**DIRECTIONS FOR THIS TASK**. From the line that contains "used 2021 Honda CR-V car, priced at $27,100" through the last line of the data, copy everything exactly and nothing else, omitting the pictures.

--- START ---

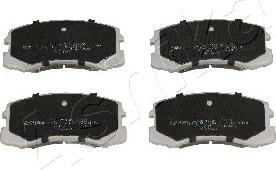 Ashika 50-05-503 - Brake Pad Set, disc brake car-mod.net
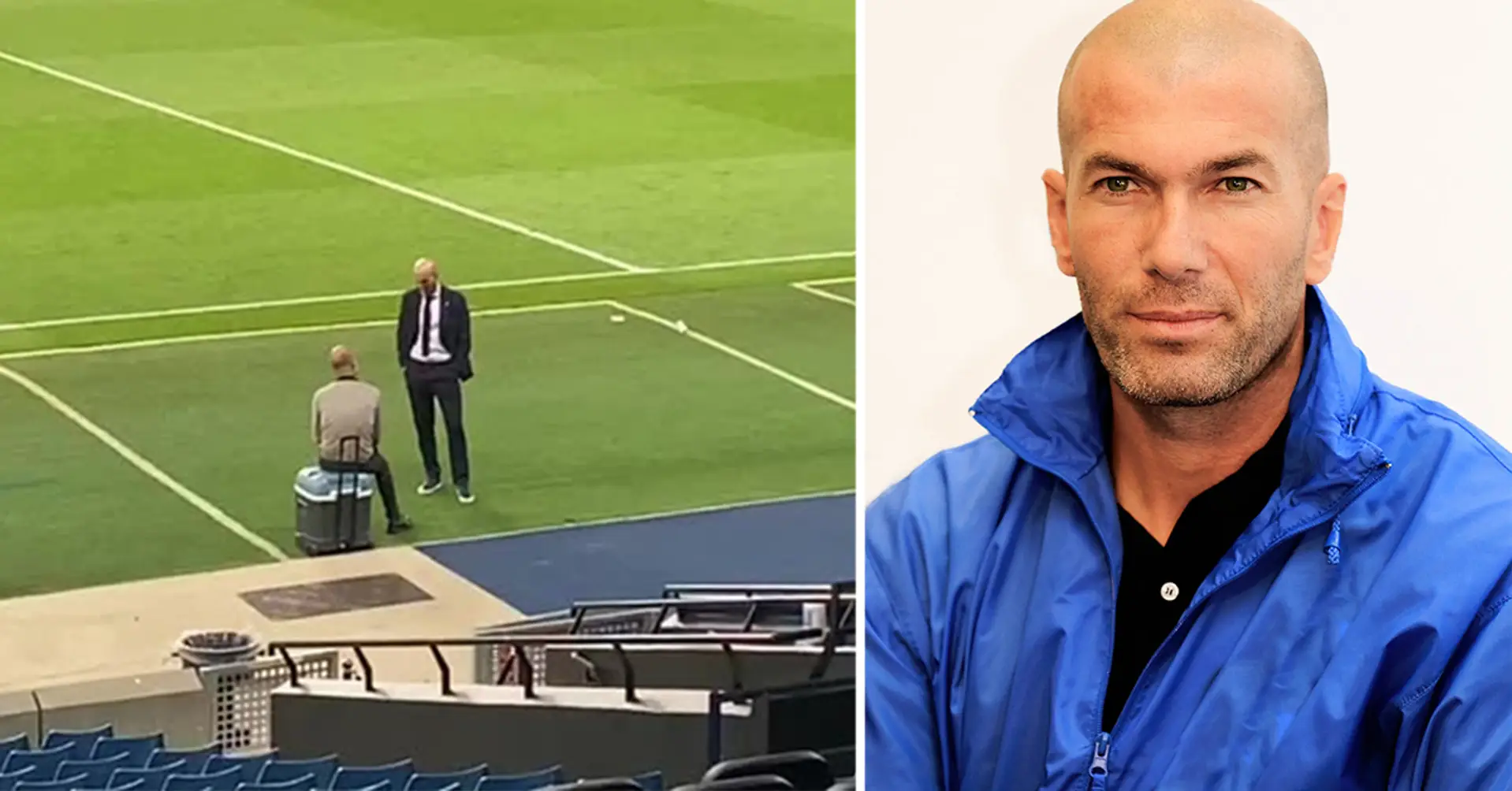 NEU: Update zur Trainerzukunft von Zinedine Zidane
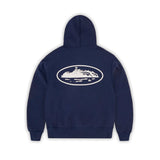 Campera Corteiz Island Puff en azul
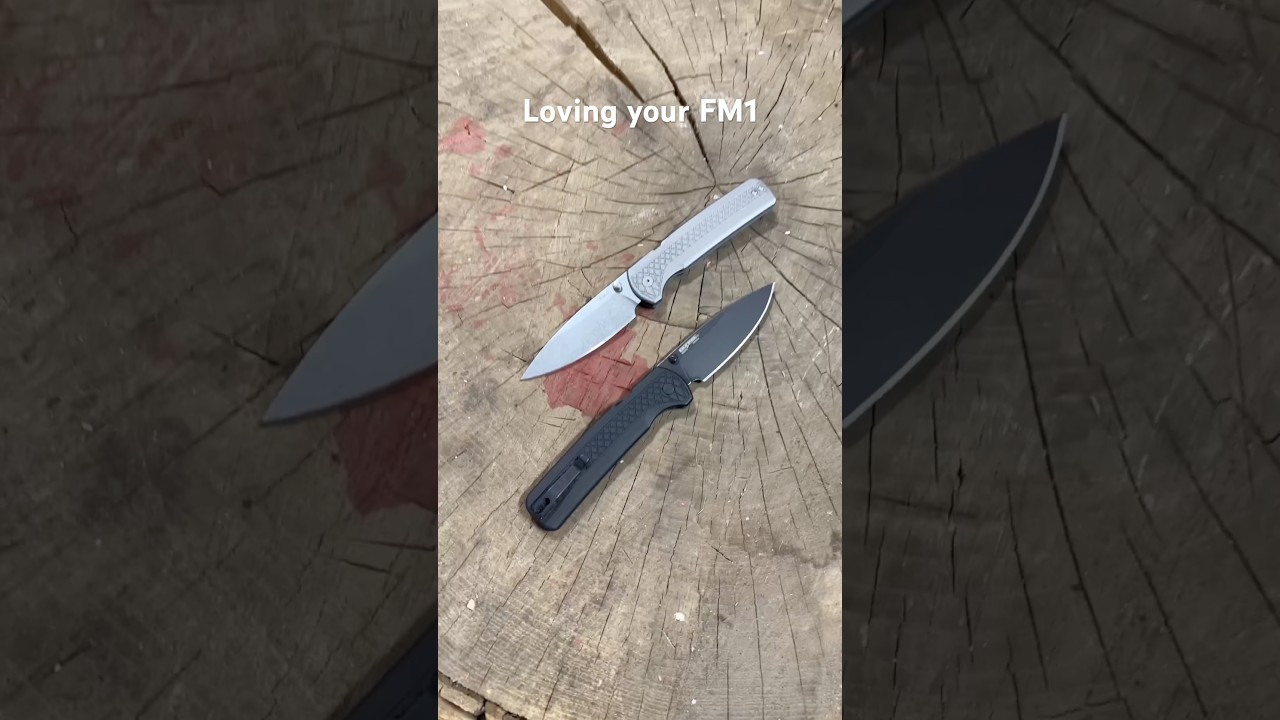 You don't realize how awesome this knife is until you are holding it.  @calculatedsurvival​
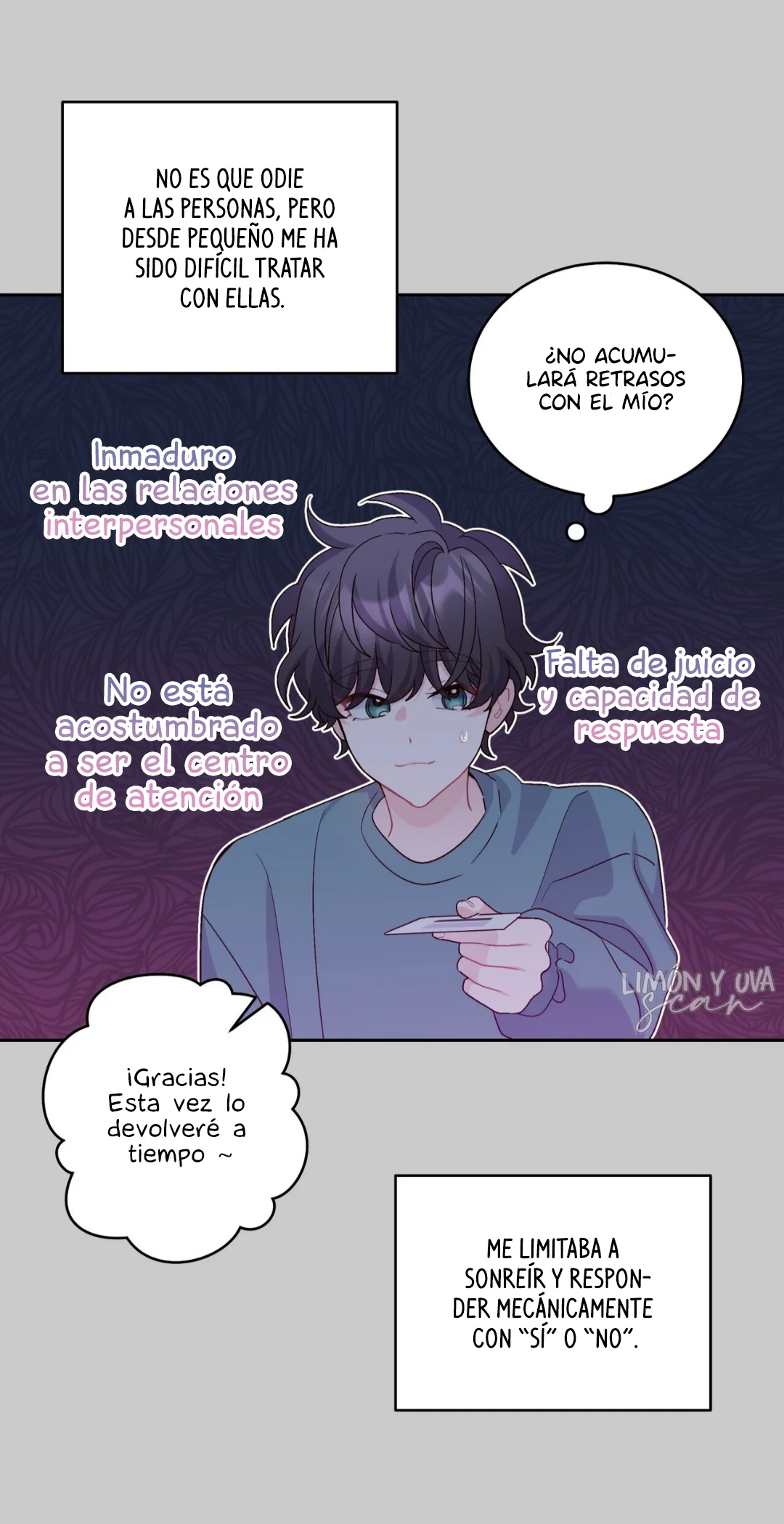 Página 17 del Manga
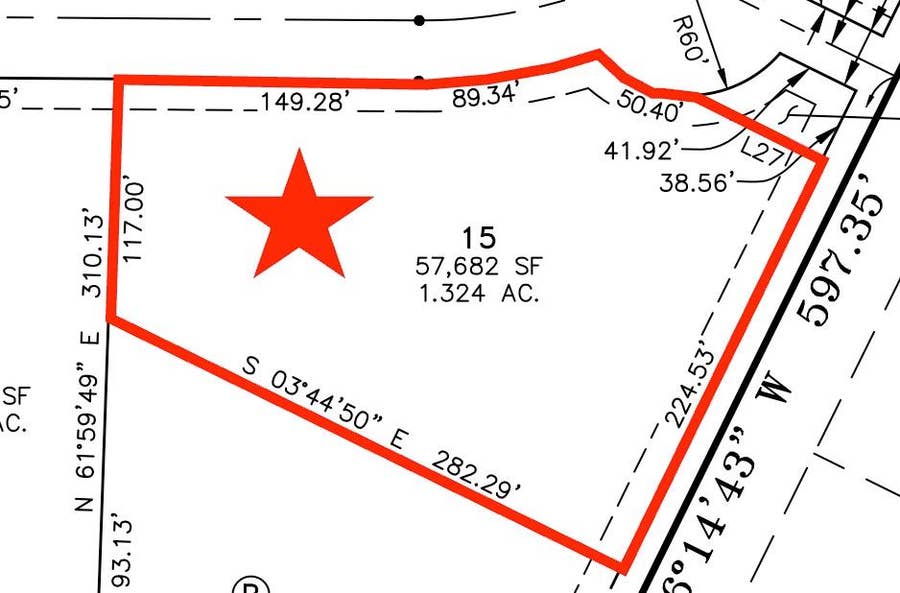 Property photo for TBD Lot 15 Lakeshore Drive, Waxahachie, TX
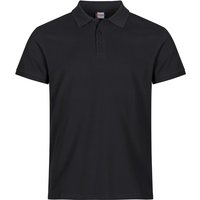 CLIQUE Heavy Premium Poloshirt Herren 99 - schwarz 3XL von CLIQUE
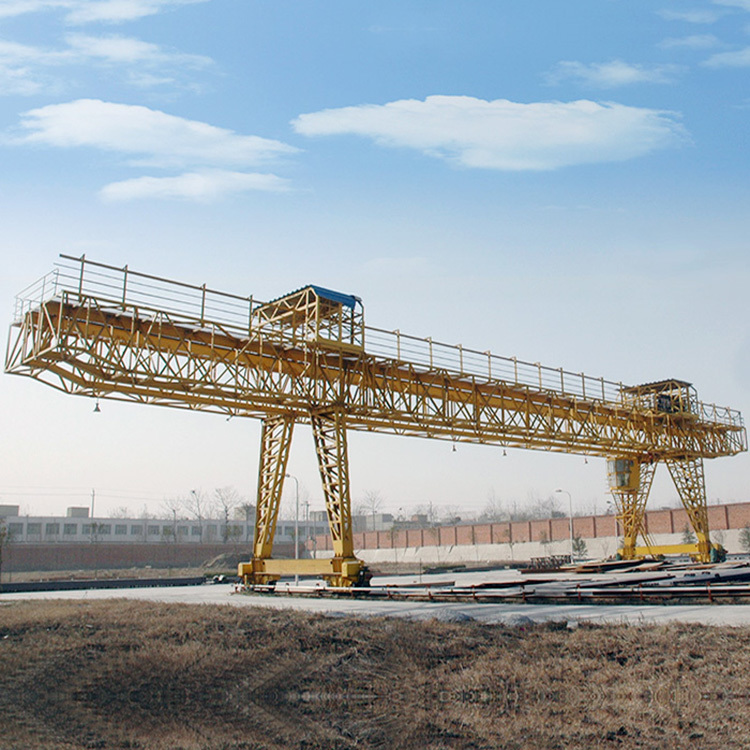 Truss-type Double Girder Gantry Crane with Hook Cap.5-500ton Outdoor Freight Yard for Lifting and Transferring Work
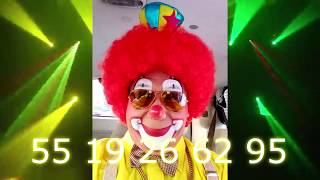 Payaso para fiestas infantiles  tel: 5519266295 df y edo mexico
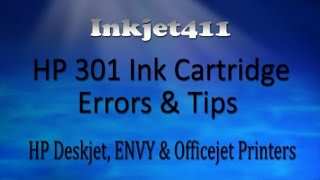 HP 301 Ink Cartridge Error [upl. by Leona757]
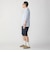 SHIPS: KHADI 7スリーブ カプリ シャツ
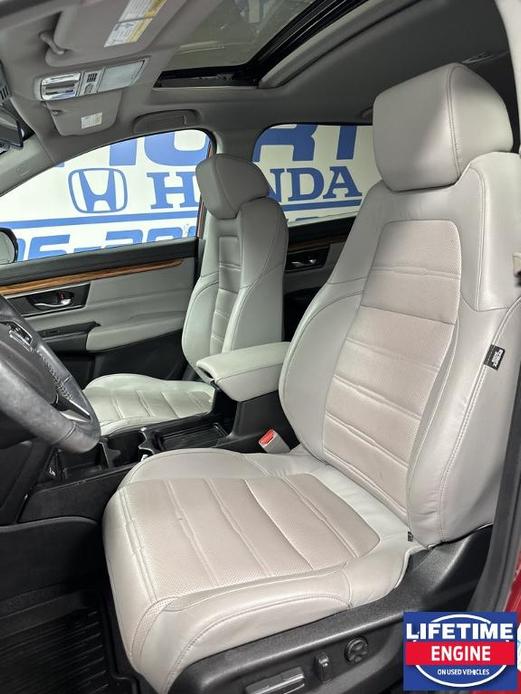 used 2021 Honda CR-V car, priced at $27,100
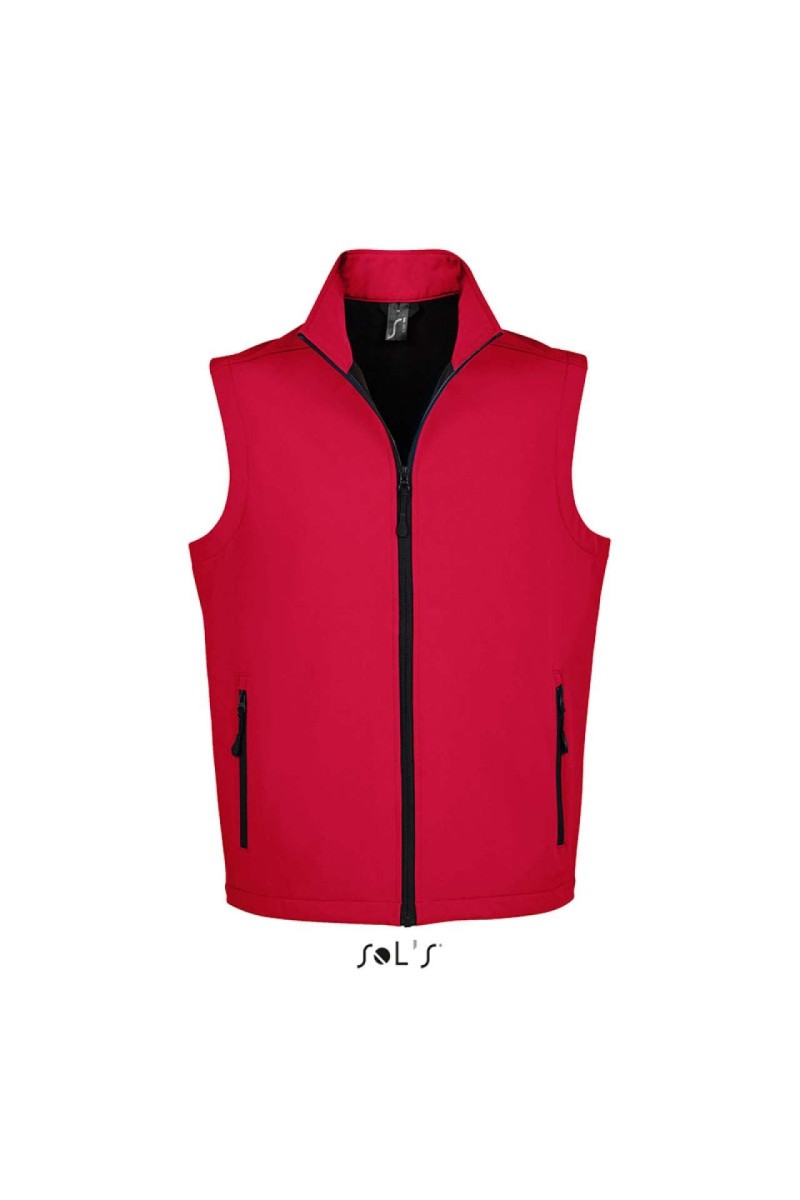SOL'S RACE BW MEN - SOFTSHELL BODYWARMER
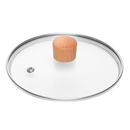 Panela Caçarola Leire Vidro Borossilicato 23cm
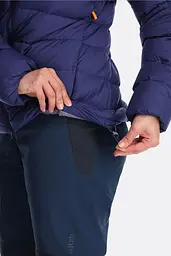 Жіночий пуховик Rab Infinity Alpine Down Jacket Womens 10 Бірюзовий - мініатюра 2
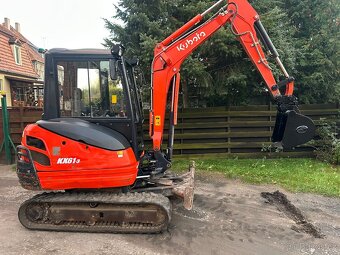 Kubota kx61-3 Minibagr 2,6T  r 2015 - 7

--- END ---

**WRITTEN REPLY**.
 used 2021 Honda CR-V car, priced at $27,100
SOL'S RACE BW MEN - SOFTSHELL BODYWARMER
 Panela Caçarola Leire Vidro Borossilicato 23cm
 Жіночий пуховик Rab Infinity Alpine Down Jacket Womens 10 Бірюзовий - мініатюра 2
 Kubota kx61-3 Minibagr 2,6T  r 2015 - 7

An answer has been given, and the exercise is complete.